◆ What you will do ◆
First find the line with "COUNTRY CLUB OF ARK THE - Residential Lease", then reproduce it and all following lines of the data to the end, exactly and with no pictures, adding nothing.

◆ Source data ◆
____________________

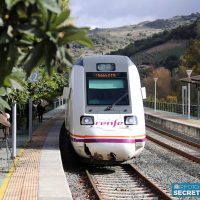 Paso del ferrocarril por una de las estaciones de la Serranía.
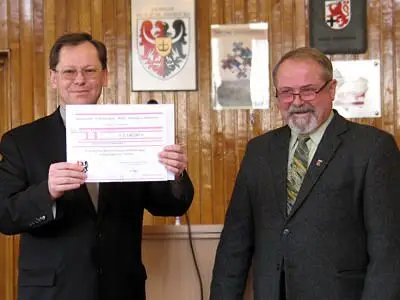 Ksiądz Andrzej Jarosiewicz i Karol Stasik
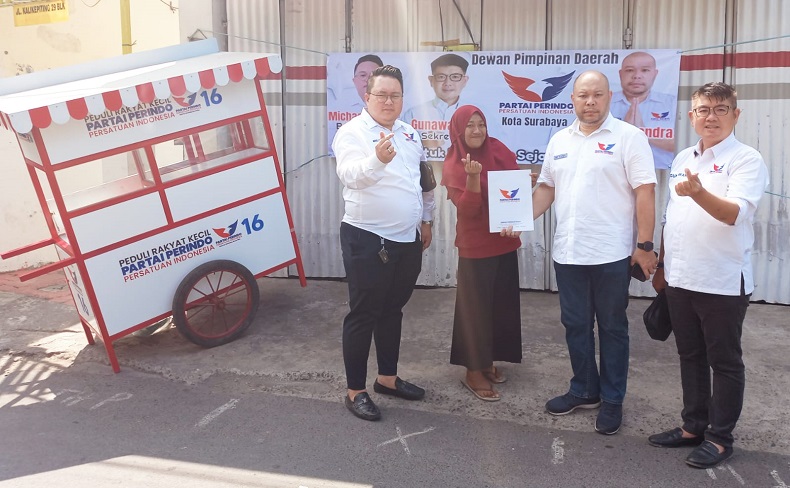 Bantu Ekonomi Warga, DPD Partai Perindo Surabaya Bagikan Gerobak kepada Pelaku UMKM 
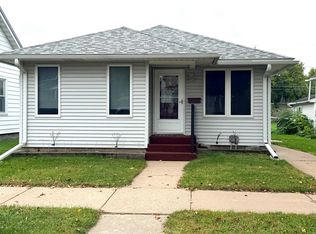 404 Kilbourn Ave, Tomah, WI 54660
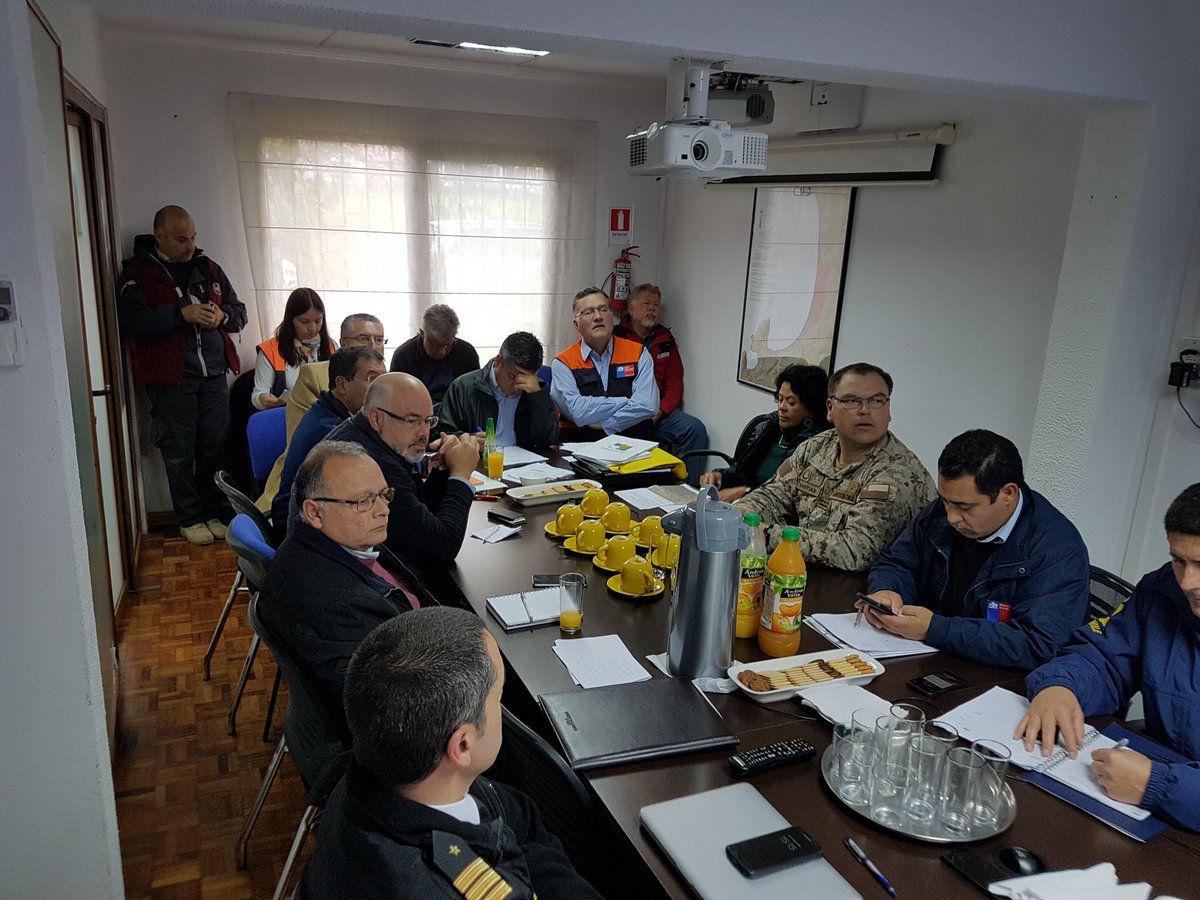 VoceriaCoquimbo's tweet photo. Intendente Claudio Ibáñez encabeza COE regional para analizar pronóstico y coordinar medidas para enfrentar la contingencia por lluvias https://t.co/a7WVCGhMxy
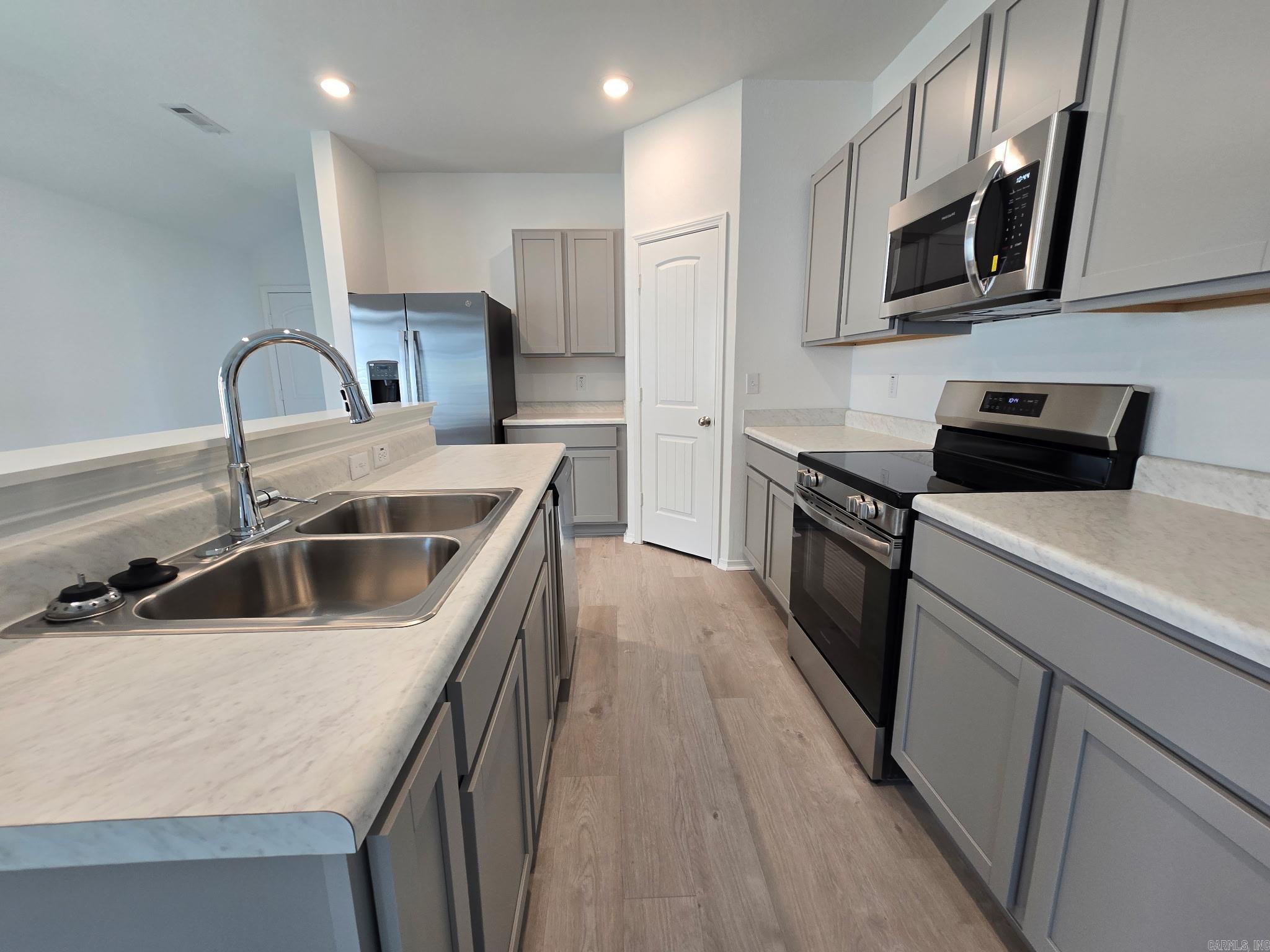 COUNTRY CLUB OF ARK THE - Residential Lease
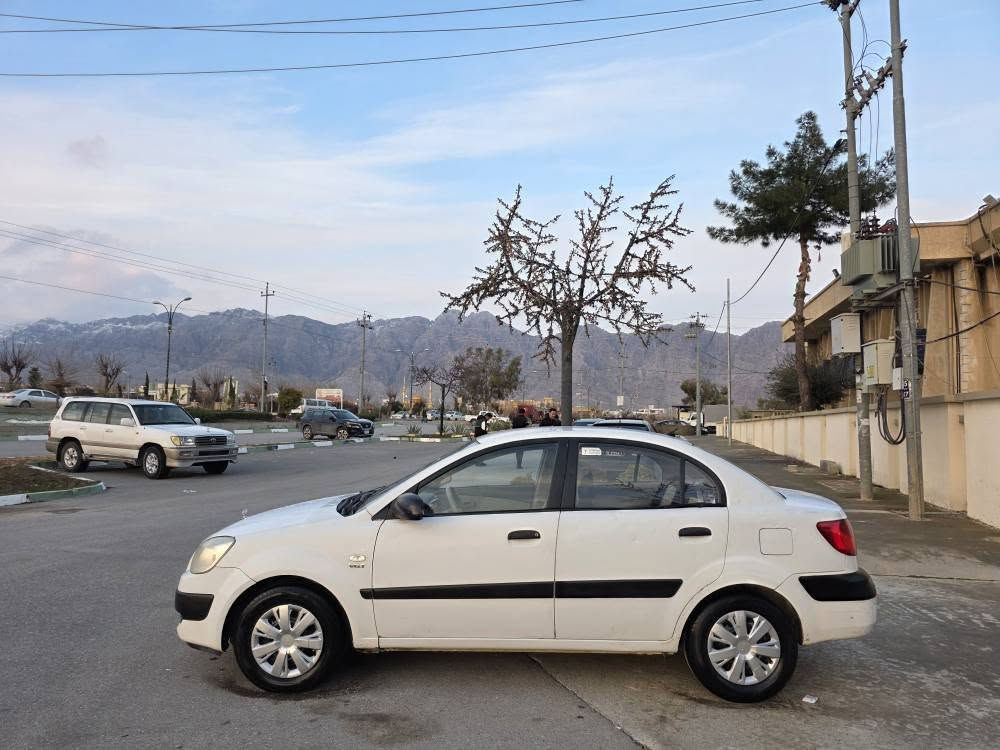 هەرزانترین نرخ 
بەمانای کەلیمە ماڵی دۆستەو زۆر خاوێنوو بیمەسروفە هەموو گیانیشی مەزبووتە بەنزینیش بەس زۆر زۆر کەم دەخوات 
کیا ریۆ مۆدیل 2006 گێر حادی ساخ مەنەفیستو وەکالەی ئەسڵی هەیە بی کیشە ماڵی مەدەنیوو ژماڕە شانسی بەشەرتە سەت ساڵ
گێروو مەکینەو کامل کارەبایو کامل تندوو تۆڵی بەشەرت  پیشوو پشتو بێ لیدراوە وەڕگەراو براوە بەشەرتە 
پاوەڕە ناو زەردە هیتەڕە  تایەو ویلو پاتری لۆکە ماڵی فەقیرە 
شوێن رانیە *********** نرخی $35ق رانية, السليمانية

____________________

◆ Answer to the problem ◆
 COUNTRY CLUB OF ARK THE - Residential Lease
 هەرزانترین نرخ 
بەمانای کەلیمە ماڵی دۆستەو زۆر خاوێنوو بیمەسروفە هەموو گیانیشی مەزبووتە بەنزینیش بەس زۆر زۆر کەم دەخوات 
کیا ریۆ مۆدیل 2006 گێر حادی ساخ مەنەفیستو وەکالەی ئەسڵی هەیە بی کیشە ماڵی مەدەنیوو ژماڕە شانسی بەشەرتە سەت ساڵ
گێروو مەکینەو کامل کارەبایو کامل تندوو تۆڵی بەشەرت  پیشوو پشتو بێ لیدراوە وەڕگەراو براوە بەشەرتە 
پاوەڕە ناو زەردە هیتەڕە  تایەو ویلو پاتری لۆکە ماڵی فەقیرە 
شوێن رانیە *********** نرخی $35ق رانية, السليمانية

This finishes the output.